### Entries shown

......

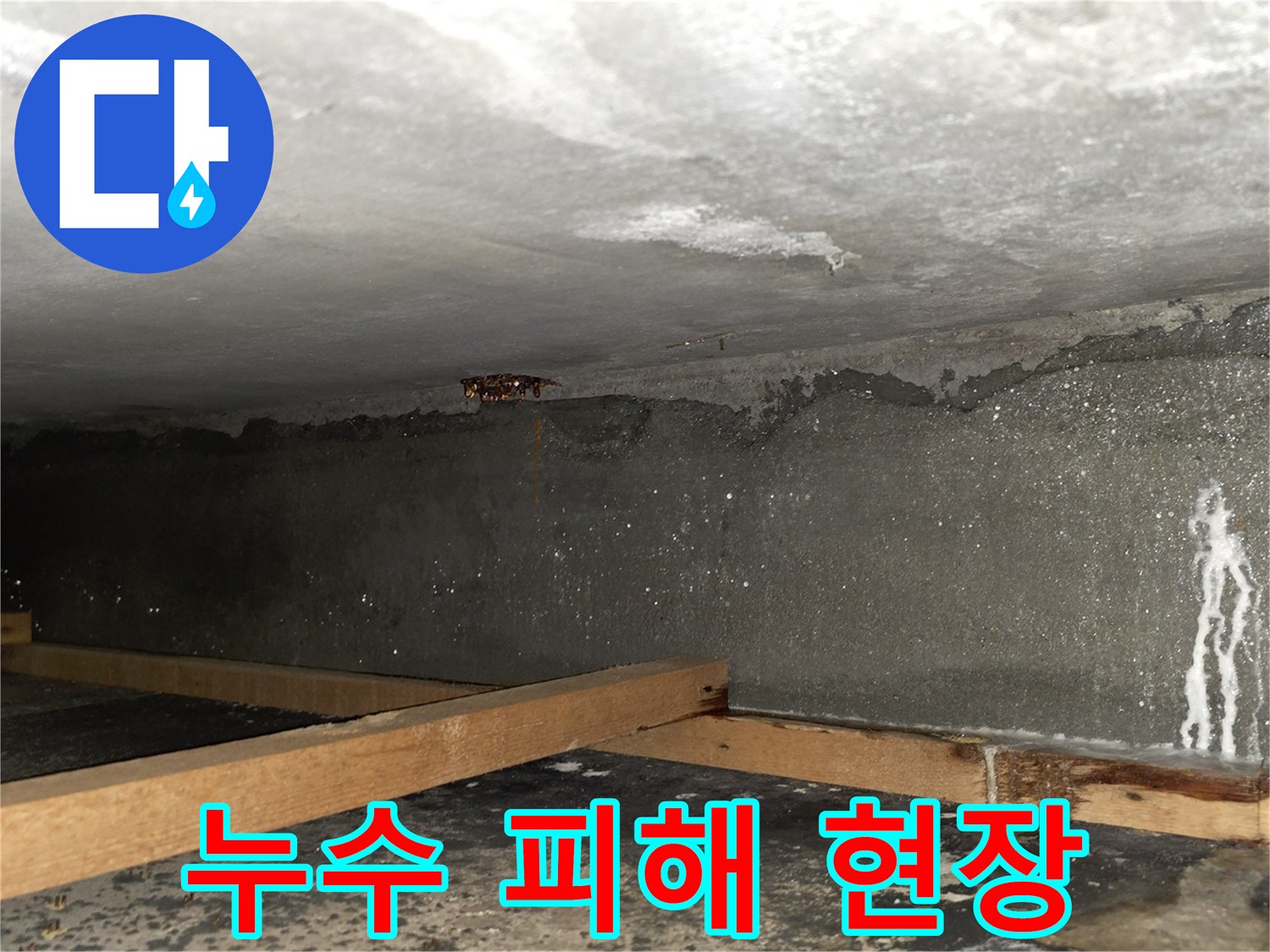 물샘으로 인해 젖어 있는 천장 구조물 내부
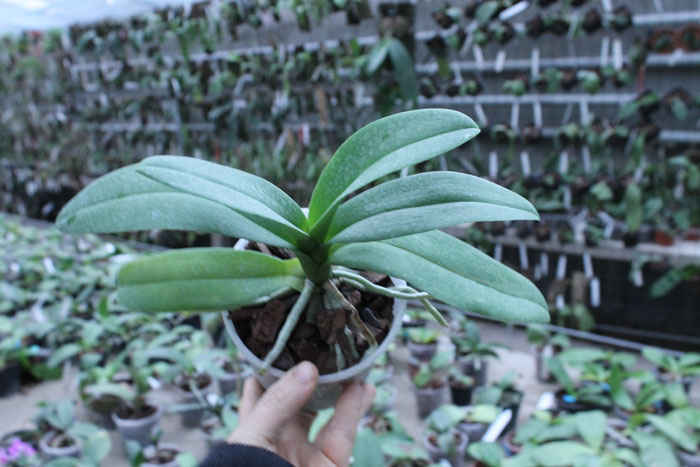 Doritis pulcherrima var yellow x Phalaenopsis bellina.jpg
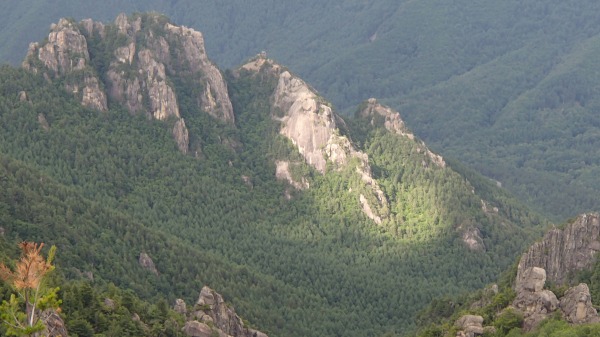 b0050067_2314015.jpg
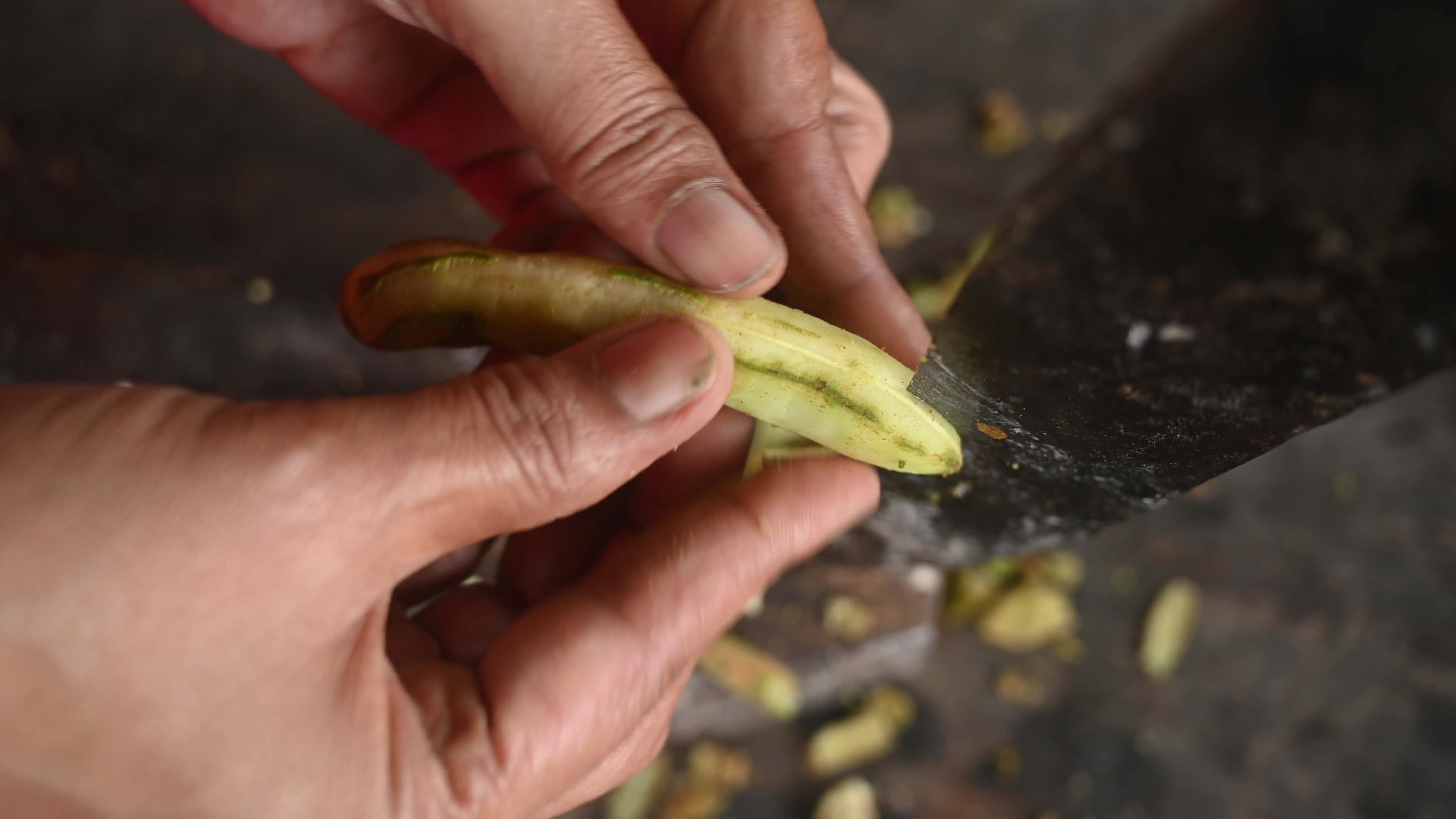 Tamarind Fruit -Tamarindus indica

......

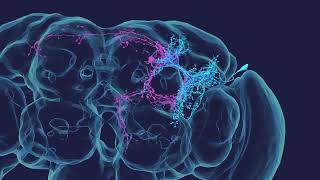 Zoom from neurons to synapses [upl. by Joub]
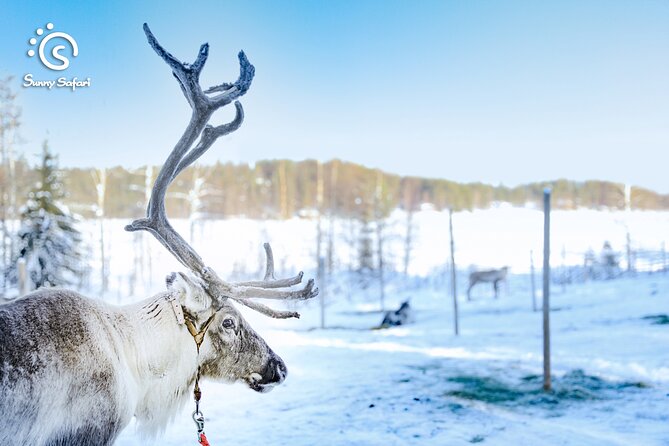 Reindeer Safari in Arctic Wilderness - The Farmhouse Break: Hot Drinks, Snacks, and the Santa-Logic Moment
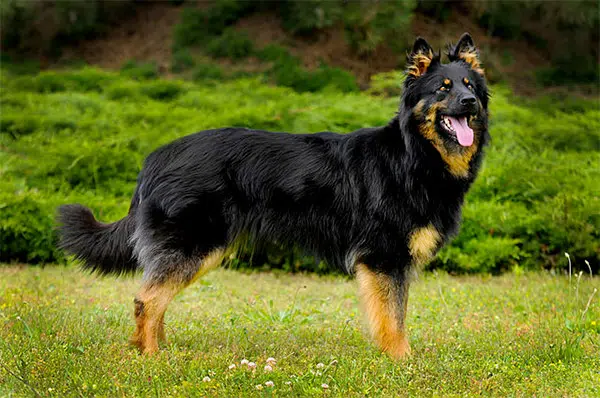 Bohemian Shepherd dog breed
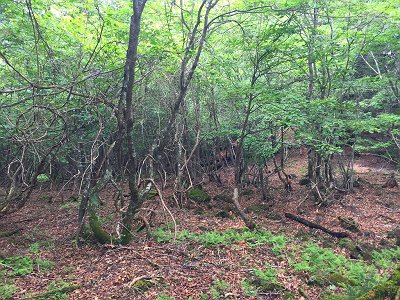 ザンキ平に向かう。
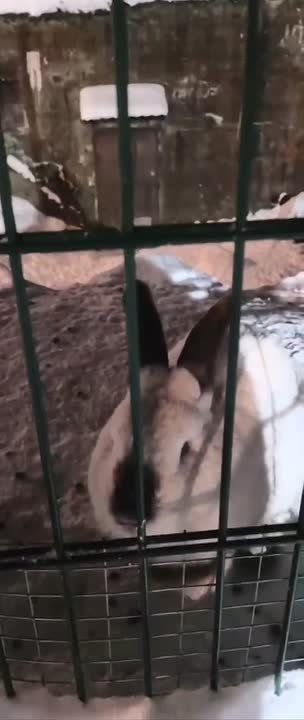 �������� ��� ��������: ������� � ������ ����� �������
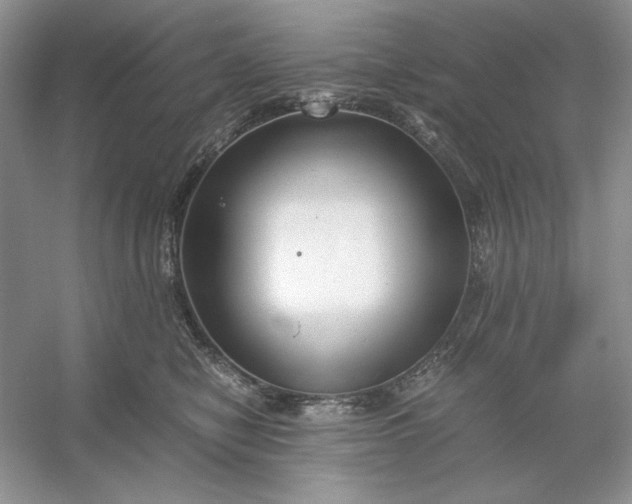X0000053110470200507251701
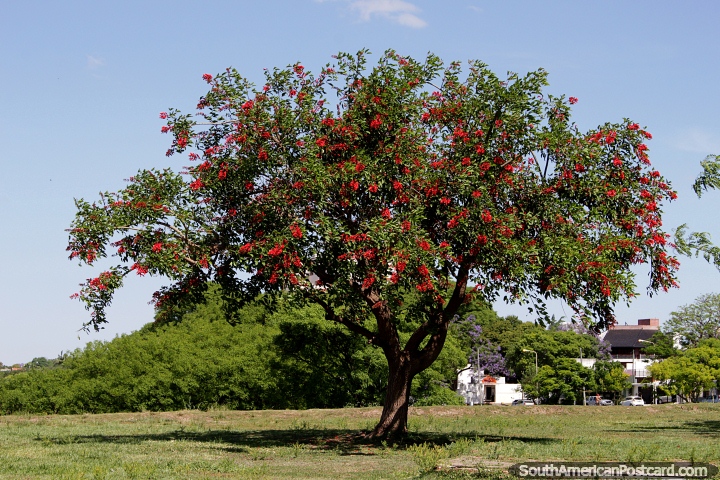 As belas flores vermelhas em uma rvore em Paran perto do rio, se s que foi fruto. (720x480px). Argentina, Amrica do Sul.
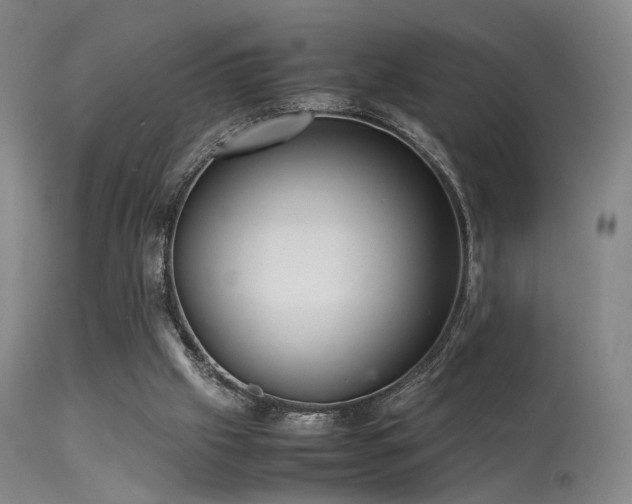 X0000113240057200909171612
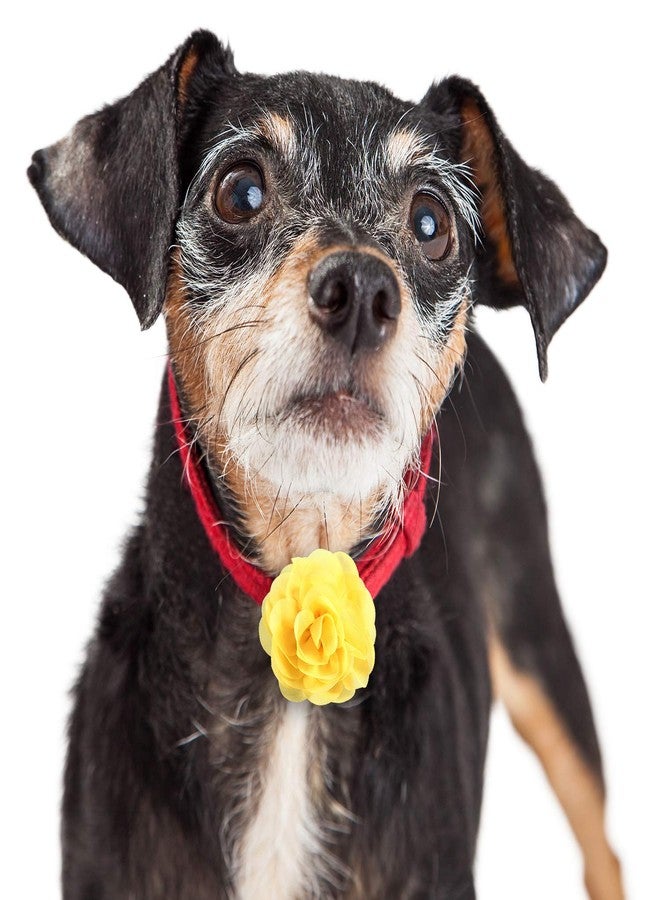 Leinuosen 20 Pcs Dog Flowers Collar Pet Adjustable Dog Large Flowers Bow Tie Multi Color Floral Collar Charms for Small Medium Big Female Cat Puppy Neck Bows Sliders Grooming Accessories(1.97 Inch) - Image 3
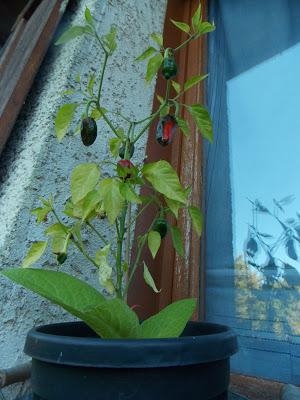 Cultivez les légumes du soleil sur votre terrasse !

......

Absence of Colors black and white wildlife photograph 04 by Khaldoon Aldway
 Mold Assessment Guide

......

### What the task asks
Leaving pictures out, output the lines of the data above from the one with "Bohemian Shepherd dog breed" through the one with "Cultivez les légumes", word for word.

### Task output
 Bohemian Shepherd dog breed
 ザンキ平に向かう。
 �������� ��� ��������: ������� � ������ ����� �������
X0000053110470200507251701
 As belas flores vermelhas em uma rvore em Paran perto do rio, se s que foi fruto. (720x480px). Argentina, Amrica do Sul.
 X0000113240057200909171612
 Leinuosen 20 Pcs Dog Flowers Collar Pet Adjustable Dog Large Flowers Bow Tie Multi Color Floral Collar Charms for Small Medium Big Female Cat Puppy Neck Bows Sliders Grooming Accessories(1.97 Inch) - Image 3
 Cultivez les légumes du soleil sur votre terrasse !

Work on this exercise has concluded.